Tatsächlich setzt sie als Frau damit eine mutigen Akt, den der Adressat auch als ungewöhnlich zu würdigen weiß: Eugen Onegin, ein Bekannter des Geliebten von Tatjanas Schwester, Lenski. Doch darüber hinaus kann Onegin für das Mädchen nichts empfinden. Er bringt ihr den Brief zurück und ermahnt sie, ihre Schwärmereien nicht an unwürdige, nichtsnutzige Existenzen zu verschwenden, wie er eine sei...

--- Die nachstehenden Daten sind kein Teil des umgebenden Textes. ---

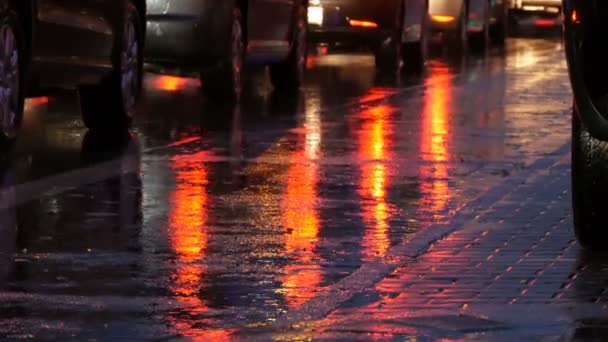 Cars stand in traffic, headlights in rain on asphalt, view below. Rain hits the puddles at night. Reflection of cars lights — Stock Video
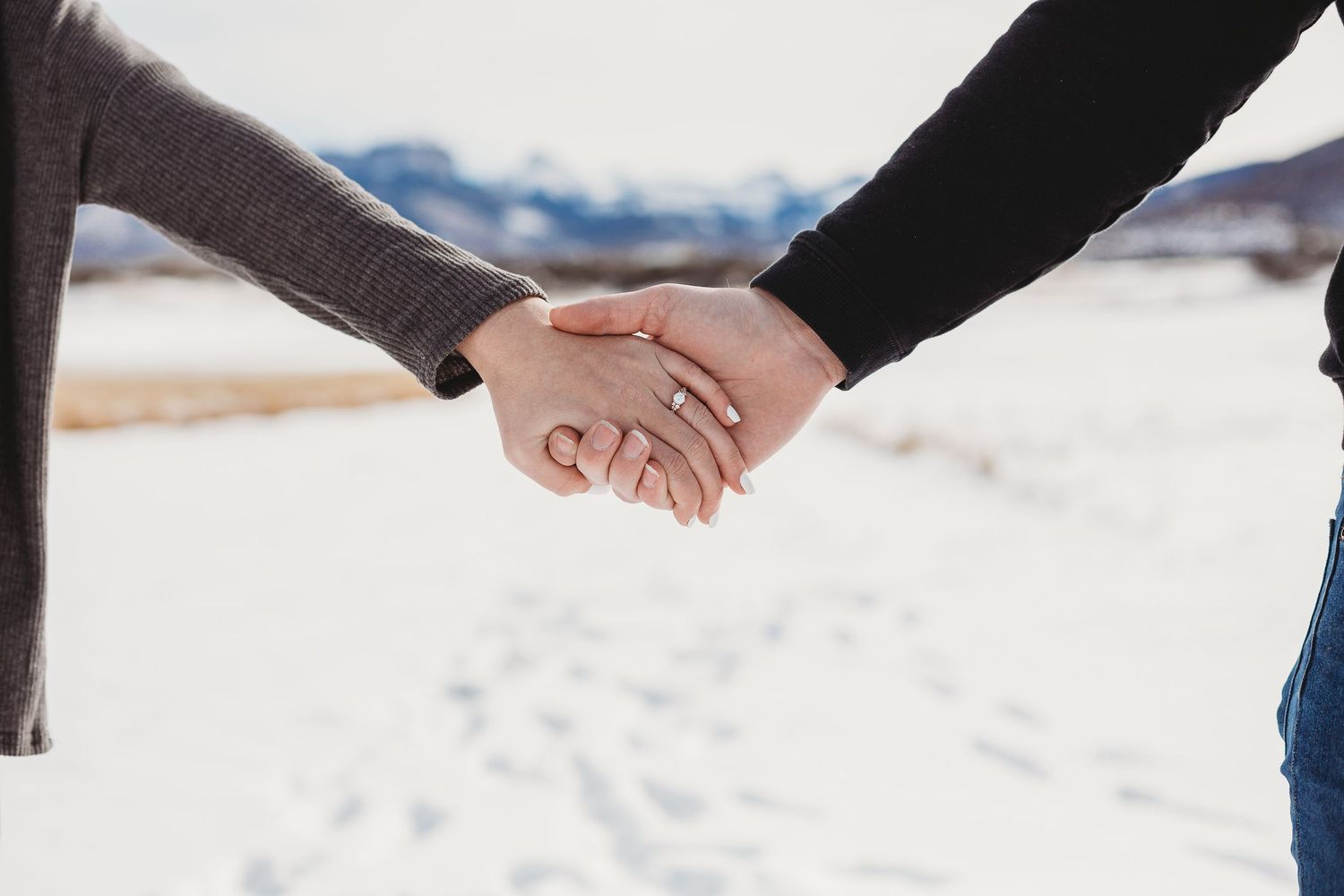 Close-up shot of two people holding hands in a snowy winter landscape.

Als der Namenstag der traurigen, zurückgewiesenen Tatjana mit einem Ball und allerlei artigen Gratulationen - wie einem Couplet des französischen Gastes Triquet - gefeiert wird, provoziert Onegin zu allem Überfluß noch einen Streit mit Lenski: Vor den Augen aller macht er dessen Freundin Olga den Hof. Das Fest endet mit einem Eklat: Lenski fordert Onegin zum Duell.

Nach einem weiteren Beweis der Gefühlskälte der handelnden Personen - beide sind davon überzeugt, sich versöhnen zu müssen, doch keiner will den ersten Schritt tun - tötet Onegin den einstigen Freund.

Nach dreijähriger unsteter Wanderschaft durch Europa kehrt er nach St. Petersburg zurück - und findet Tatjana an der Seite eines verdienten, älteren Generals, der ihm eine kleine Lektion in Sachen Liebe und Ehe erteilt.

Erst jetzt erkennt Onegin, sein leben falsch gelebt zu habe und bestürmt Tatjana mit einem späten Reue- und Liebesbkenntnis. Doch die Frau, die ihn immer noch liebt, hat die Größe, ihn zurückzuweisen.

Die von allen formalen Vorbildern gelöste, lockere Reihung der »lyrischen Szenen« macht aus Eugen Onegin eine musiktheatralische Bilderfolge, die von Moment zu Moment neue Schlaglichter auf die handelnden Personen und ihre Befindlichkeit wirft. Man betrachtet nicht nur Tatjana und Eugen Onegin, sondern auch Olga und Lenski, den nur mit einer, aber dafür wirkungsvollen Arie bedachten Fürsten Gremin, und sogar Nebenfiguren wie Monsieur Triquet, die Ball-Gesellschaft, die Bauern wie in detailverliebten Gemälden einer Portrait-Galerie. Szenen wie das einleitende Quartett mit der Gutsbesitzerin und der Amme im Vordergund und den beiden Töchtern im Garten könnten sich ebenso in der Tretjakov-Galerie finden wie der rührende Dialog Tatjanas mit ihrer Amme im Schlafgemach. Selbst den Sekundant Saretzki, der im Duell die fatale Rolle des »Ordnungshüters« spielt, zeichnet Tschaikowsky mit wenigen Strichen scharf und präzis.

Die Russen betrachteten Tschaikowskys Oper zunächst skeptisch. Puschkins Versroman galt ihnen als Allerheiligstes unter den Kulturgütern ihres Landes. Turgenjews äußerte sich kurz nach der Uraufführung der Oper in einem Brief an Tolstoi ensetzt über den Versuch, die Dichter-Verse in einen Libretto-Text umzuwandeln. Und noch Vladimir Nabokov, der eine Übersetzung von Puschkins Roman vorgelegt hat, nennt Tschaikowsky Oper einen »Schmarrn«. Die Aufführungszahlen sprechen jedoch eine andere Sprache. Neben Mussorgskys Boris Godunow ist diese vermutlich die erfolgreichste russische Oper der Geschichte.